Republican adults are beginning to emerge from their untimely slumber. Just today former Maine Senator and Defense Secretary William Cohen offered an op-ed piece calling for impeachment. Cohen, who as one of a handful of GOP members of Congress who joined Democrats in calling for Nixon’s head, knows a bit about going against the grain. He pointed out that most of the country initially opposed impeaching Nixon, but came around as facts came to light. Mueller has produced 448 pages of them; his statement yesterday clearly urged the Democrats to take them out for a test drive and see what they can do. Trump in the Senate dock creates a platform he can’t interrupt, and events he and his poodle Barr can’t preempt and redefine.

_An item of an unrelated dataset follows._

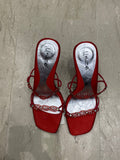 The Crimson Beaded Mule Vintage Heels – red square-toe heels with hand-beaded straps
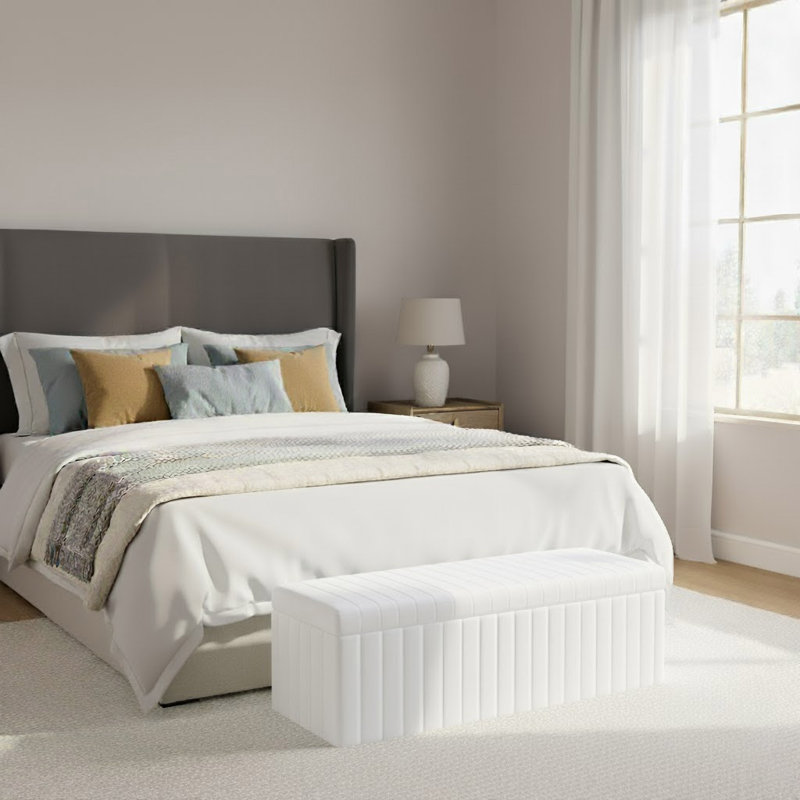 Lux Striped Wide Velvet Rectangle Solid Color Standard Ottoman Box with Storage, 40 cm H x 120 cm W x 42 cm D, White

In the fall of 2016 many of us, too overconfident in Clinton’s chances, scoffed that if the US electorate was idiotic enough to elect a reality show nihilist, the nation deserved the cataclysm it would surely receive. Now we know just how ugly and existentially perilous a Trump regime is. We also know his wretched core of die hard support tops out at just under 40 percent. Allowing the fear of alienating those with their hands covering their ears to forestall holding US history’s most corrupt and seditiously incompetent President to account amounts to throwing in the towel and accepting the dive to the bottom he represents. We must be better than that. Yesterday, Robert Mueller challenged us to stop cutting bait and get some lines in the water. Heed his call. BC
It’s disheartening, to say the least, to see how Barr exploited the American public’s short attention span to deceive so many Americans about what straight-and narrow Mueller documented in such excruciating detail. The Congress owes it to all Americans to pursue to a logical conclusion what Mueller has revealed.